A sample piece was prepared in the same manner as in the example except that PE was used. The results are shown in Table 2.

(Comparative Example 2) A sample piece was prepared in the same manner as in the Example except that the blending amount of the component C) was out of the range. The results are shown in Table 2.
Shown in.

(Comparative Example 3) A sample piece was prepared in the same manner as in Example except that the component B) was not used. The results are shown in Table 2.
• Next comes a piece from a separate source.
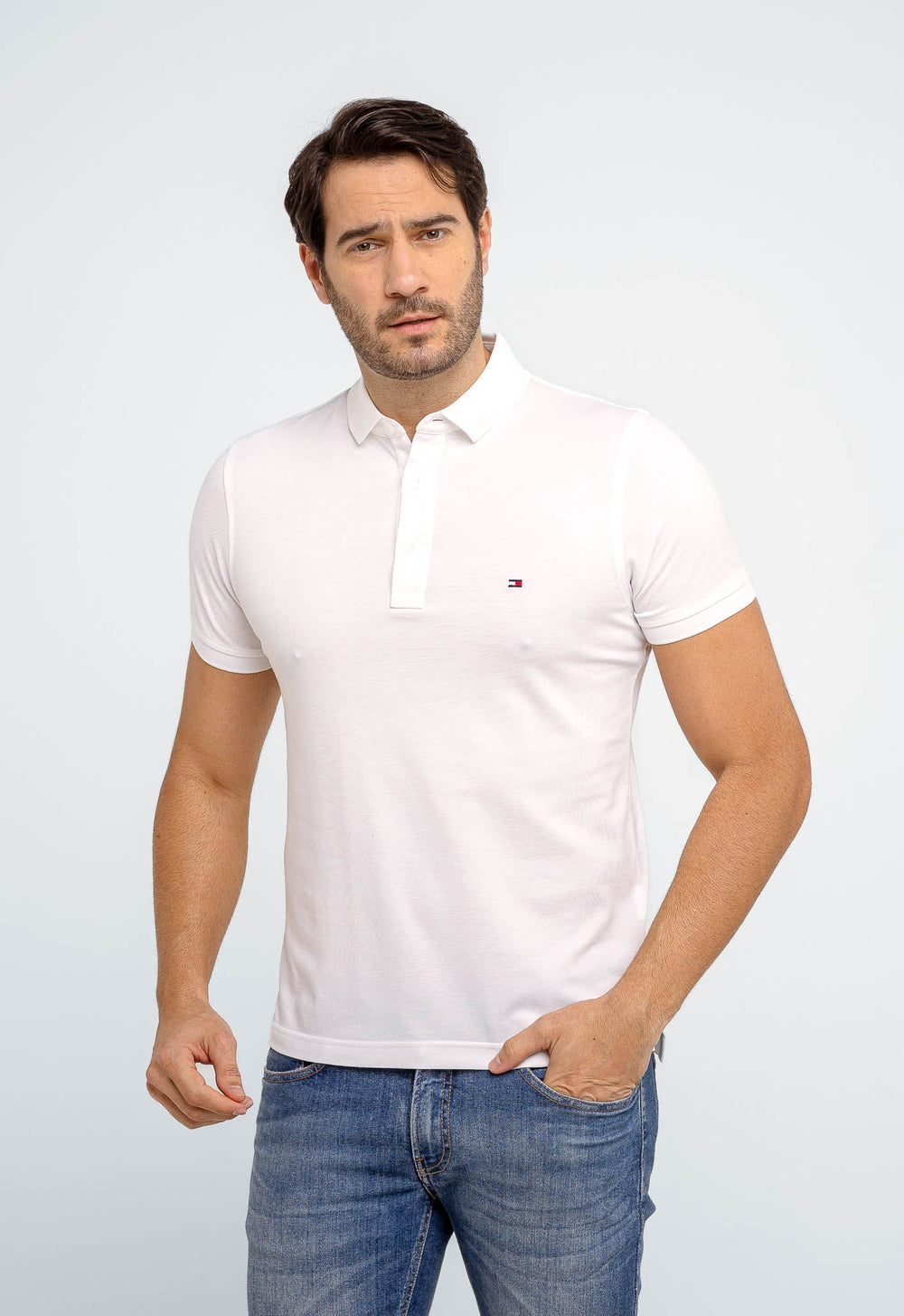 Polo Masculina Slim Fit Tommy Hilfiger Core Branco - Henri Store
(Comparative Example 4) A sample piece was prepared in the same manner as in the Example except that the blending amount of the component C) was out of the range. The results are shown in Table 2.
Shown in.

[0044]

[Table 1]

[0045]

[Table 2]

[0046]

EFFECTS OF THE INVENTION As described above, the present invention relates to A) an ethylene copolymer having a carbon-carbon unsaturated bond, B) a polyolefin resin containing a functional group, and C) an inorganic flame retardant. Alternatively, it further provides a crosslinkable flame-retardant composition obtained by blending various additives as required.
The crosslinkable flame-retardant composition of the present invention has a high degree of flame retardancy, does not generate a toxic gas such as a halogen gas during combustion, is excellent in wear resistance and heat resistance, and is safe and flexible, It has excellent processability, mechanical properties, chemical resistance, and electrical properties, so it is used for molding applications such as extrusion molded products such as films, sheets, pipes, injection molded products, and for electric wires and cables. It is utilized in various fields such as textiles, electricity, electronics, automobiles, ships, aircraft, construction, and civil engineering.

Claims (2)

[Claims] 1. A) an ethylene copolymer having a carbon-carbon unsaturated bond and B) a polyolefin resin or rubber having a functional group selected from the following a to g,
A) A crosslinkable flame retardant composition containing 100 parts by weight of a resin component having functional groups in the resin component of 1 × 10 ^{−3 to} 20 mol%, and C) 30 to 200 parts by weight of an inorganic flame retardant. a: carboxylic acid group, carboxylic acid ester group or acid anhydride group, b: epoxy group, c: hydroxyl group, d: amino group, e: alkenyl cyclic iminoether group f: functional group derived from unsaturated silane compound g : Functional group derived from unsaturated titanate compound 2. The ethylene copolymer having a carbon-carbon unsaturated bond of component A) according to claim 1, is ethylene 7
Copolymer comprising 0 to 99.99% by weight, 0.01 to 30% by weight of a monomer having two or more carbon-carbon unsaturated bonds, and 0 to 29.99% by weight of another unsaturated monomer. The crosslinkable flame-retardant composition according to claim 1.